26 Eylül 2008 Cuma

Muhtelif: Kör Talih

"Blind date" kavramı, birbirini tanımayan insanların eş dost vasıtasıyla bir araya getirilmesi ve aralarının yapılması anlamına gelir.

Hitch filminde görmüştüm sanırım, birbirini tanımayan kadın ve erkekler bir yerde toplaşıp sırayla birbirleriyle konuşuyorlar, anlaşanlar oradan kol kola ayrılıyorlar.

Oldum olası severim bu konsepti, keşke önyargıların veya mesafelerin esiri olmadan böyle tanışabilse insanlar. Ne de olsa herkes aynı amaç için orada.

Buna da blind date denebilir bir yerde... Denmezse, neyse.

18 Eylül 2008 Perşembe

Web: Birinci Tayfunsal Sanat Günleri Galerisi

Fotoğrafçılığı seviyorum. Yandaki kediyi ben resmettim. Bunun gibi 60 fotoğraftan oluşan ilk internet fotoğraf galerimi de sizlerle paylaşmaktan huzur ve mutluluk duymaktayım.

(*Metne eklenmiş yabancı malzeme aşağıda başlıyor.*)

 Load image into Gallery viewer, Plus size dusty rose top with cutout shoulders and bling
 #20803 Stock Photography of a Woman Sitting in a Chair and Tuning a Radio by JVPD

Flickr üzerinden paylaştığım galeriyi görüntülemek için nazikçe tam buraya tıklayınız.

13 Eylül 2008 Cumartesi

Film: Ben X

Ah. Avrupa sineması... O olmasa ne yapardık? Sonunda mutlaka Amerikan bayraklarının dalgalandığı macera filmlerine mahkum olurduk herhalde. Ben yine de Hollywood'u seviyorum, sinema tarihine anlamlı eserler de kattılar elbet. Neyse, Avrupaya dönelim.

Ben X, hem başrol oyuncusunun hem de yönetmenin ilk uzun metraj sinema denemesi olarak oldukça başarılı bir film. Konu olarak otistik bir gencin yaşantısını ele alıyor, bunu konuyu işlemek için de internet üzerinden oynadığı bir oyundaki başarısına ve günlük hayatta itilip kakılmasına odaklanıyor.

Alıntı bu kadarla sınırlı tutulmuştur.